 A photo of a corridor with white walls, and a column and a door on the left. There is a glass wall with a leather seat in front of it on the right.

══════════

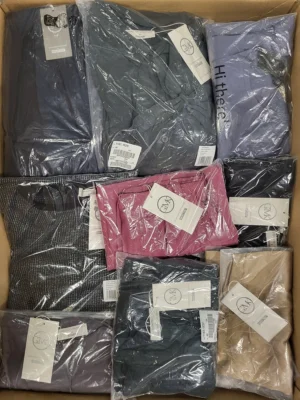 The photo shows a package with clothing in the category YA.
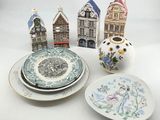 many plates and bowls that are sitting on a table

══════════

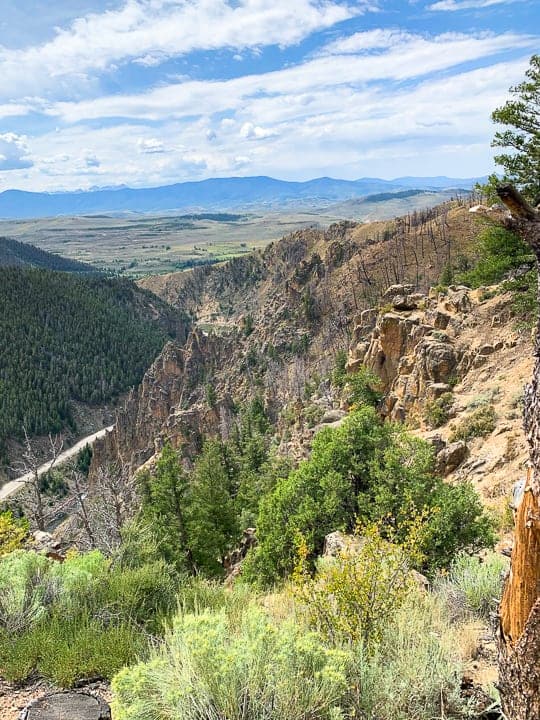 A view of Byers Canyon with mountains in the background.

══════════

Work task: In the records above, find the line with "The photo shows". Print exactly from there through the line with "many plates and", minus the pictures.

Your solution:
 The photo shows a package with clothing in the category YA.
 many plates and bowls that are sitting on a table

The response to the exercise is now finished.